[Captioned web image data]
==========

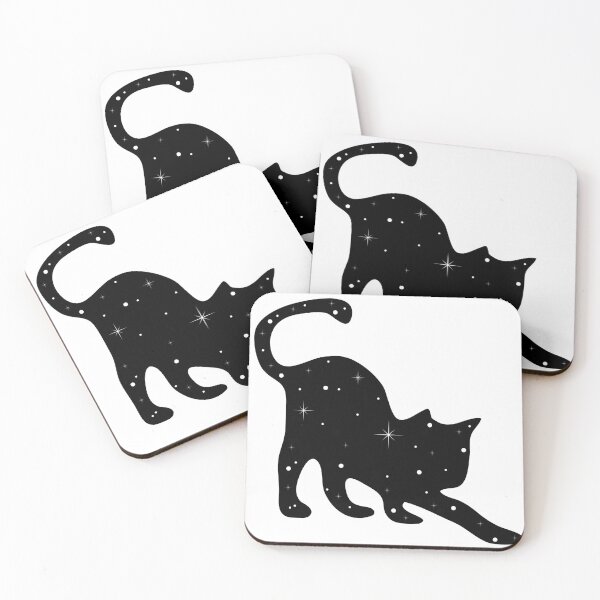 Item preview, Celestial Black Cat Galaxy Silhouette Art(Göksel Kara Kedi Galaksi Silüeti Sanatı) designed and sold by logocity63.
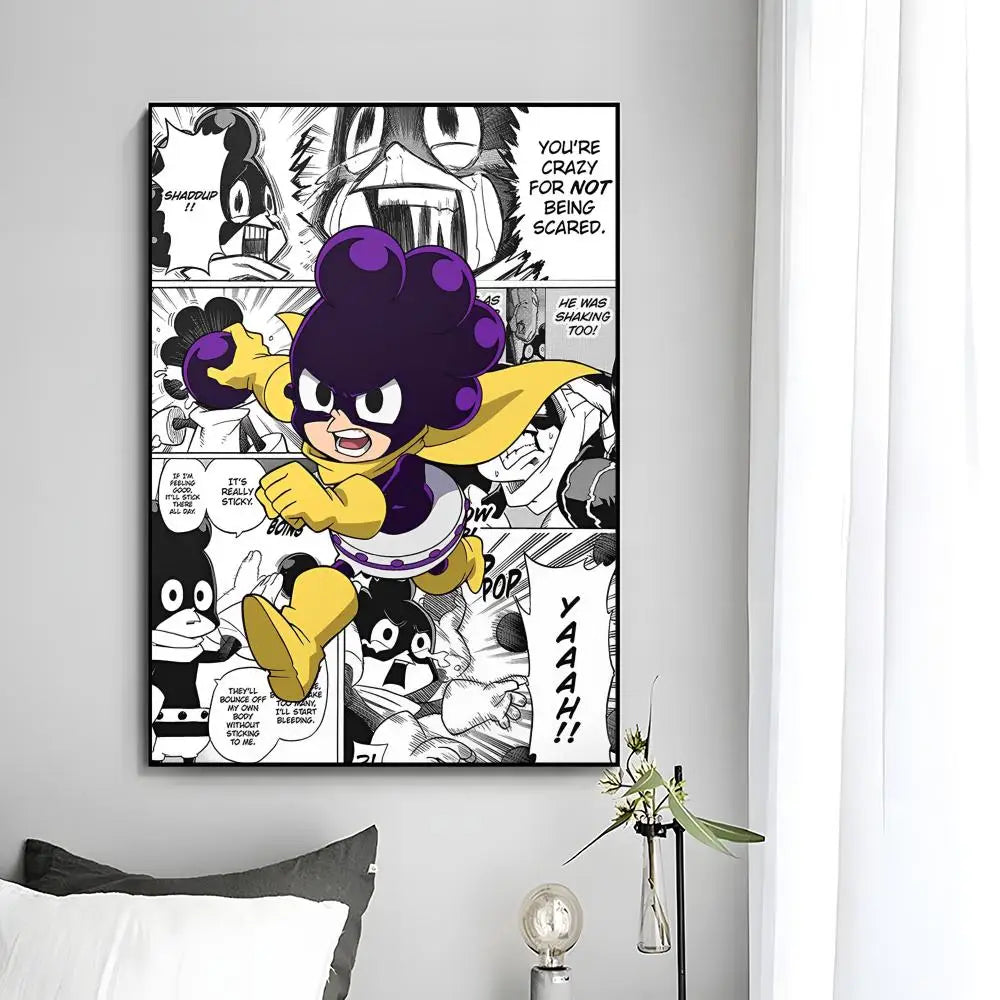 M-My Hero Academia Anime Poster Wall Art Print Poster Decorative Mural Home Decor Gift Unframed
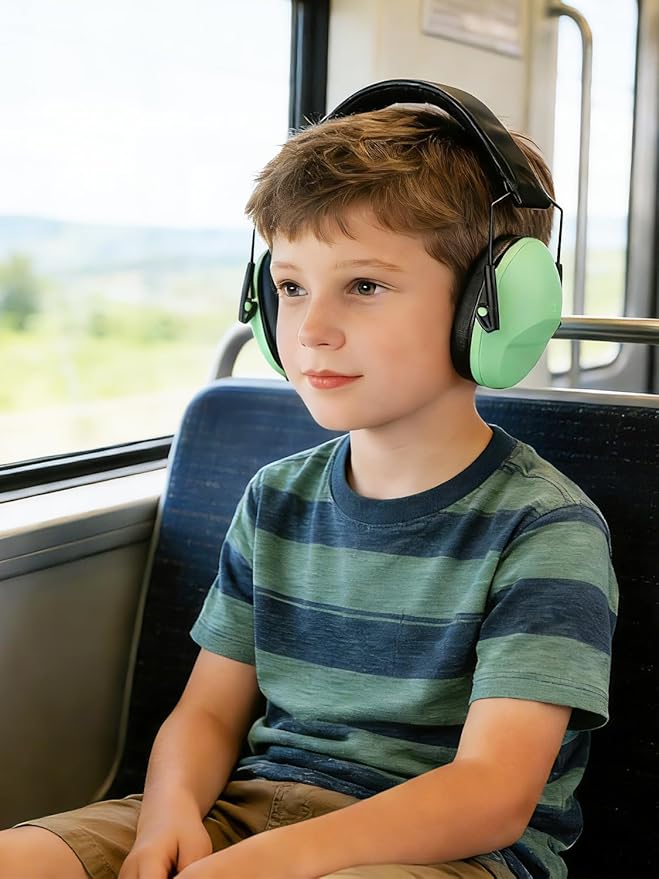 Noise Canceling Headphones for Kids 2PACK, 25-31NR Noise Reduction Earmuffs for Fireworks, Autism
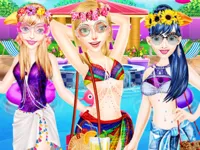 image bg Summer Pool Party Fashion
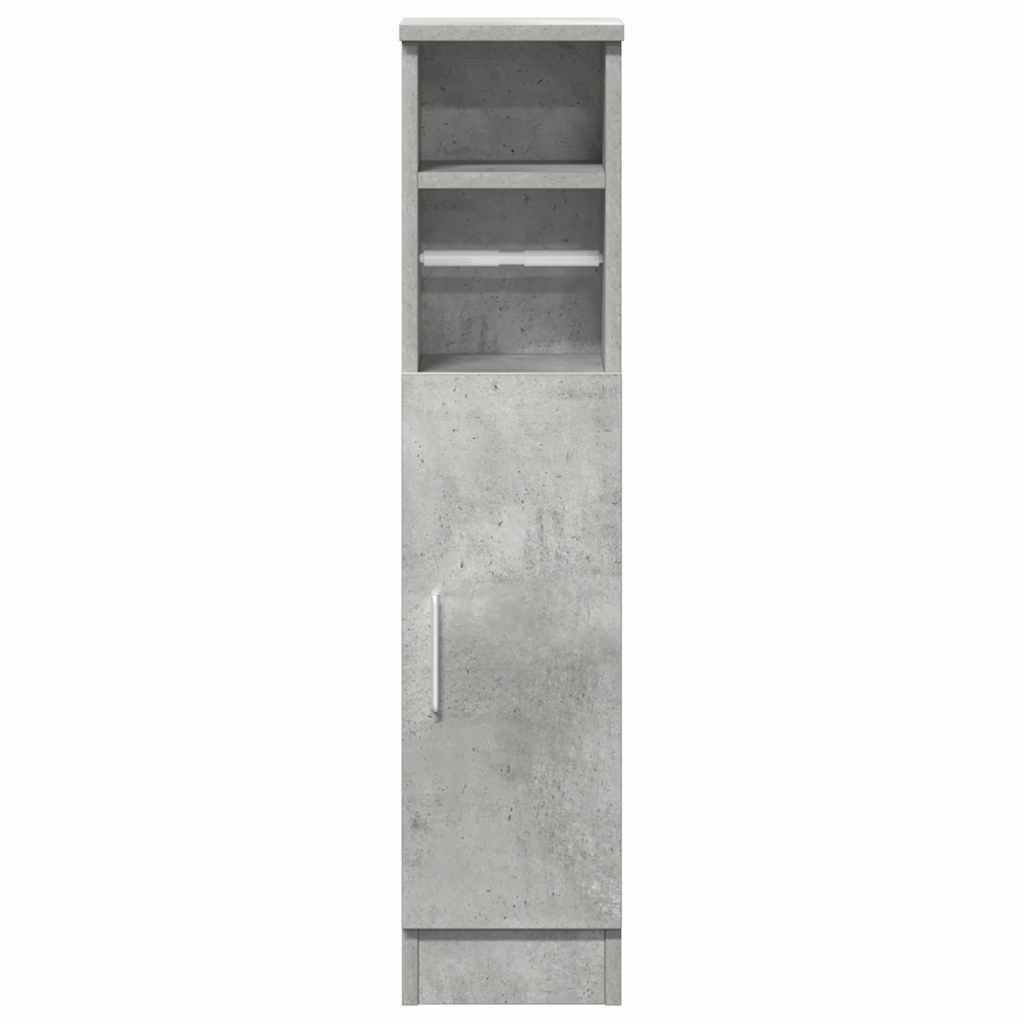 vidaXL Bathroom Cabinet with Roll Holder Concrete Grey 20.5x22x90 cm 4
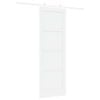vidaXL Liukuovi Valkoinen 73,5 x 211 cm Massiivinen m&auml;nty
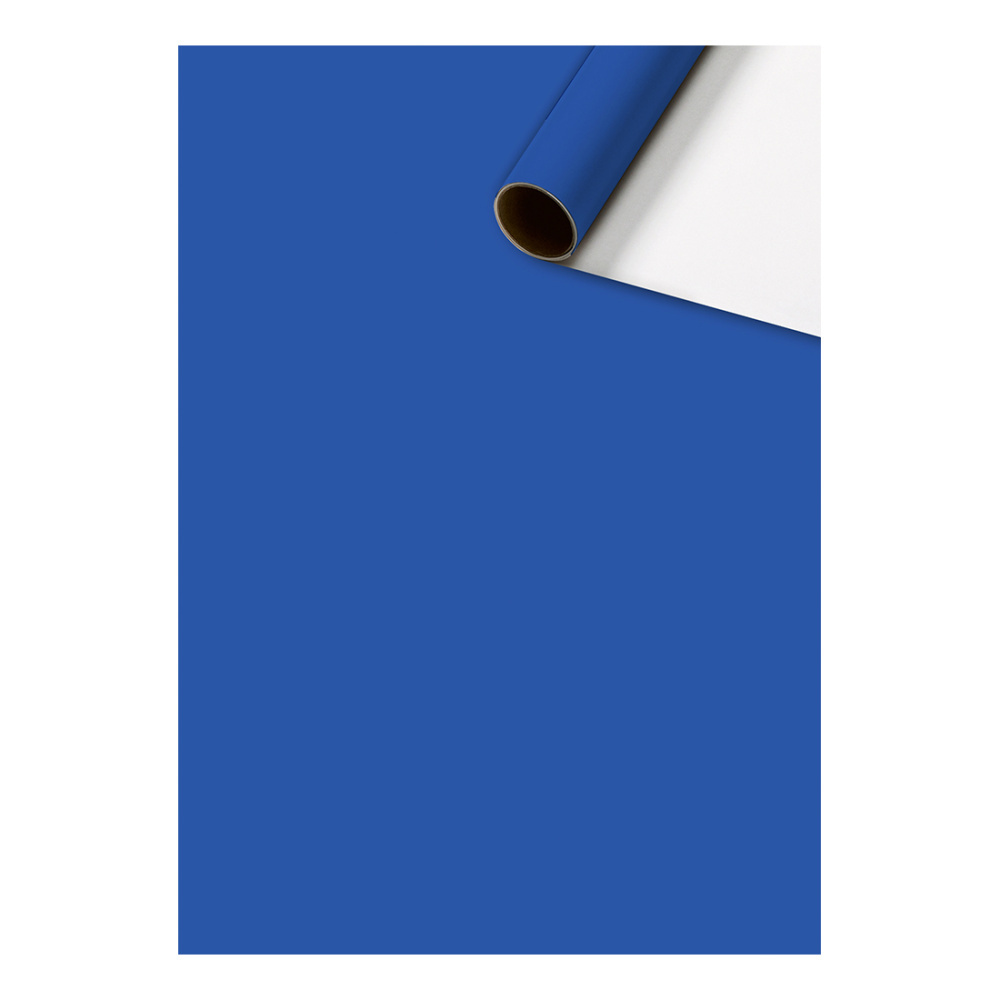 Geschenkpapier „Uni Plain“ 70 x 500 cm blau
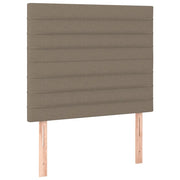 Testiera | Testata per letto Tortora 80x5x118/128 cm Tessuto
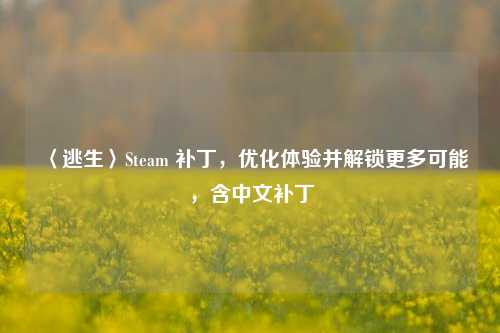 〈逃生〉Steam 补丁，优化体验并解锁更多可能，含中文补丁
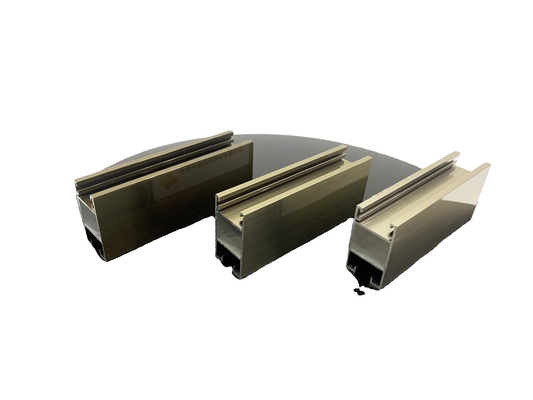 Powder Coating Square Aluminium Profile for Windows and Doors GB5237-2008 Standard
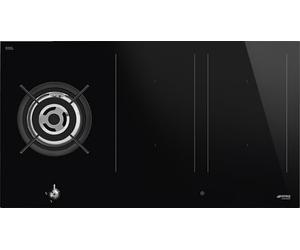 Combined induction and gas hob with 5 cooking zones from Smeg Classic - PM3953D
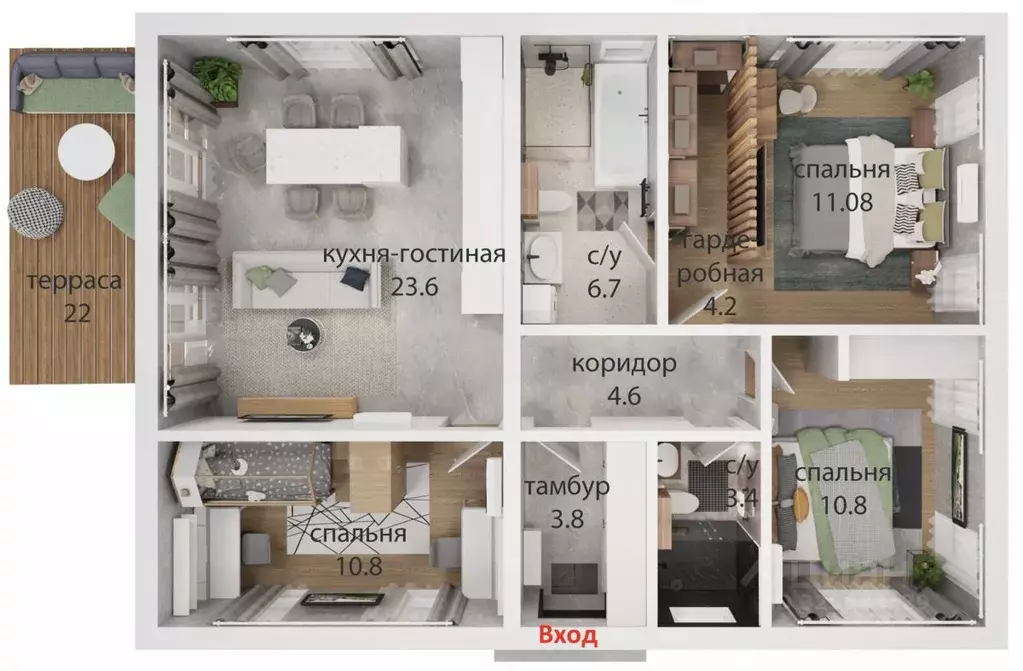 Дом в Московская область, Щелково городской округ, Литвиново Вилладж ... - Фото 2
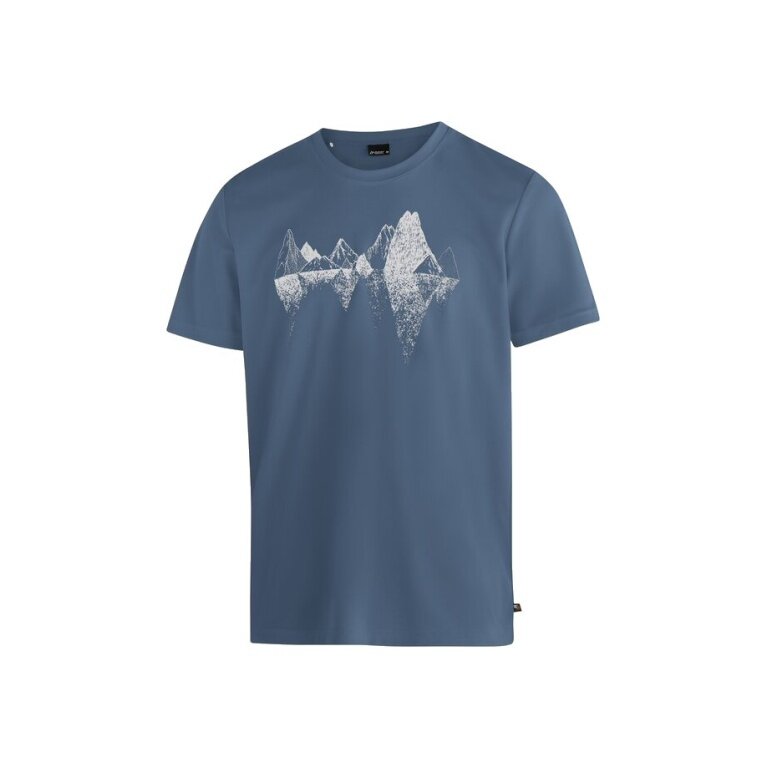 Maier Sports Koszulka turystyczna/rekreacyjna Tilia Pique (Poliester, szybkoschnący) niebiesko/szara męska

==========

> WHAT IS NEEDED
Excluding the pictures, restate word for word the lines from the one that holds "Testiera | Testata" through the last line of the entries, both ends included.

> FINISHED TASK
 Testiera | Testata per letto Tortora 80x5x118/128 cm Tessuto
 〈逃生〉Steam 补丁，优化体验并解锁更多可能，含中文补丁
 Powder Coating Square Aluminium Profile for Windows and Doors GB5237-2008 Standard
 Combined induction and gas hob with 5 cooking zones from Smeg Classic - PM3953D
 Дом в Московская область, Щелково городской округ, Литвиново Вилладж ... - Фото 2
 Maier Sports Koszulka turystyczna/rekreacyjna Tilia Pique (Poliester, szybkoschnący) niebiesko/szara męska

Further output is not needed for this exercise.